Operands 操作数
i = immediate constant, r = any general purpose register, r32 = 32-bit register, etc., mm = 64
bit mmx register, x or xmm = 128 bit xmm register, y = 256 bit ymm register, sr = segment
register, m = any memory operand including indirect operands, m64 means 64-bit memory
operand, etc.
Reciprocal throughput 吞吐量的倒数=时钟周期/指令 越小越好。
(Reciprocal throughput is simply the reciprocal of the maximum throughput of a particular instruction. Throughput is measured in instructions/cycle, so reciprocal throughput is cycles/instruction.
The throughput is the maximum number of instructions of the same kind that can be
executed per clock cycle when the operands of each instruction are independent of the
preceding instructions. The values listed are the reciprocals of the throughputs, i.e. the
average number of clock cycles per instruction when the instructions are not part of a
limiting dependency chain. For example, a reciprocal throughput of 2 for FMUL means that
a new FMUL instruction can start executing 2 clock cycles after a previous FMUL. A
reciprocal throughput of 0.33 for ADD means that the execution units can handle 3 integer
additions per clock cycle.)
Latency 延时 表示完全执行一个指令所需的时钟周期,延时越少越好。
(The latency of an instruction is the delay that the instruction generates in a dependency
chain. The measurement unit is clock cycles. Where the clock frequency is varied
dynamically, the figures refer to the core clock frequency. The numbers listed are minimum
values. Cache misses, misalignment, and exceptions may increase the clock counts
considerably. Floating point operands are presumed to be normal numbers. Denormal
numbers, NAN’s and infinity may increase the latencies by possibly more than 100 clock
cycles on many processors, except in move, shuffle and Boolean instructions. Floating point
overflow, underflow, denormal or NAN results may give a similar delay. A missing value in
the table means that the value has not been measured or that it cannot be measured in a
meaningful way.)
µops 微操作(micro-operation)
Uop or µop is an abbreviation for micro-operation. Processors with out-of-order cores are
capable of splitting complex instructions into µops. For example, a read-modify instruction
may be split into a read-µop and a modify-µop. The number of µops that an instruction
generates is important when certain bottlenecks in the pipeline limit the number of µops per
clock cycle.
Execution unit 执行单元 (每个执行单元可以处理特定类型的微操作)
The execution core of a microprocessor has several execution units. Each execution unit
can handle a particular category of µops, for example floating point additions. The
information about which execution unit a particular µop goes to can be useful for two
purposes. Firstly, two µops cannot execute simultaneously if they need the same execution
unit. And secondly, some processors have a latency of an extra clock cycle when the result
of a µop executing in one execution unit is needed as input for a µop in another execution
unit.
Execution port 执行端口(每个执行端口一次只能传送一个微操作到执行单元中)
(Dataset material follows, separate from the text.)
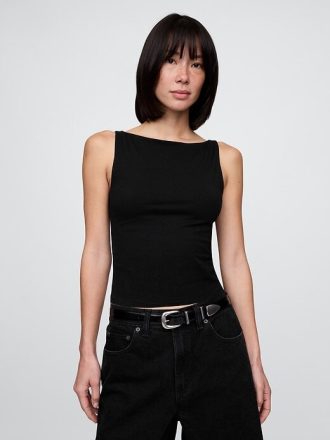 Tricot Crop din Jersey Tricot Boatneck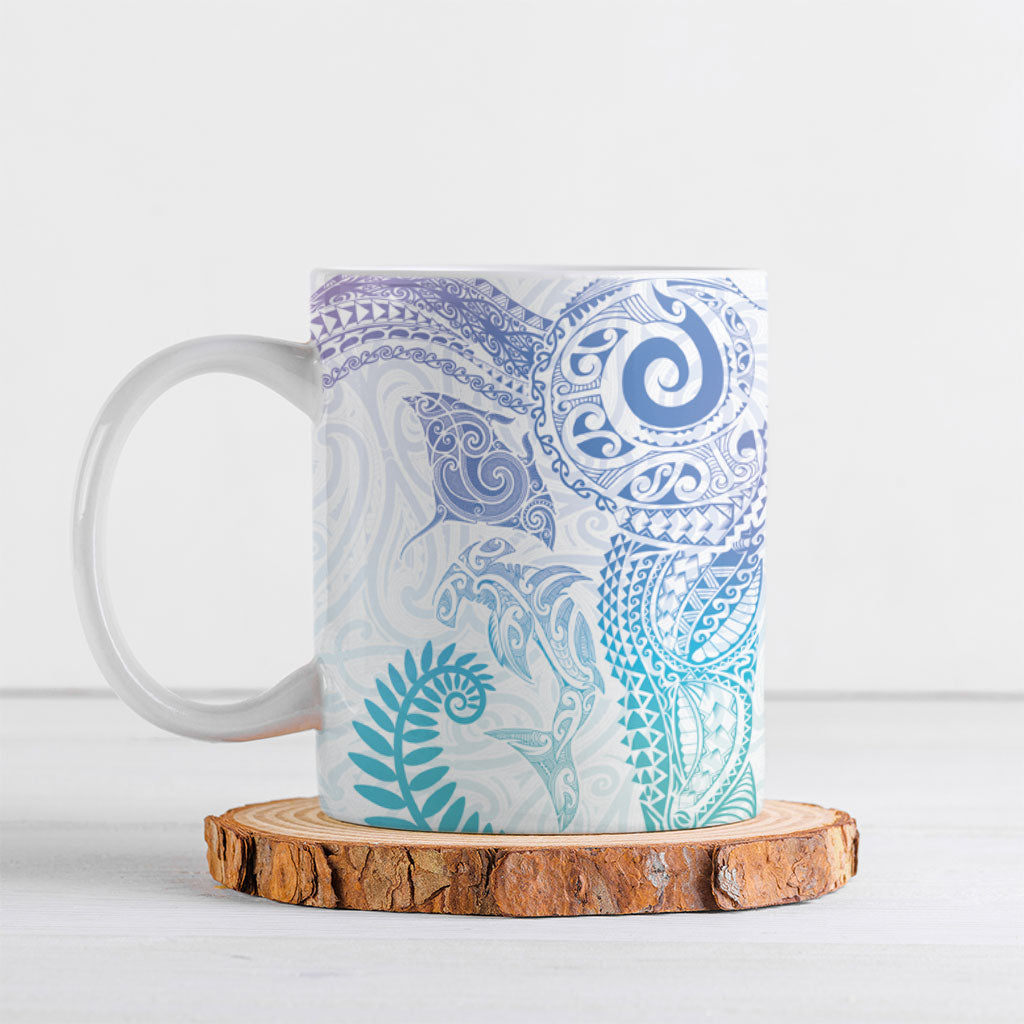 Aotearoa Maori Sea Animals Tribal Ceramic Mug Manta Ray and Shark Moko Pattern Sweet Pastel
The execution units are clustered around a few execution ports on most Intel processors.
Each µop passes through an execution port to get to the right execution unit. An execution
port can be a bottleneck because it can handle only one µop at a time. Two µops cannot
execute simultaneously if they need the same execution port, even if they are going to
different execution units.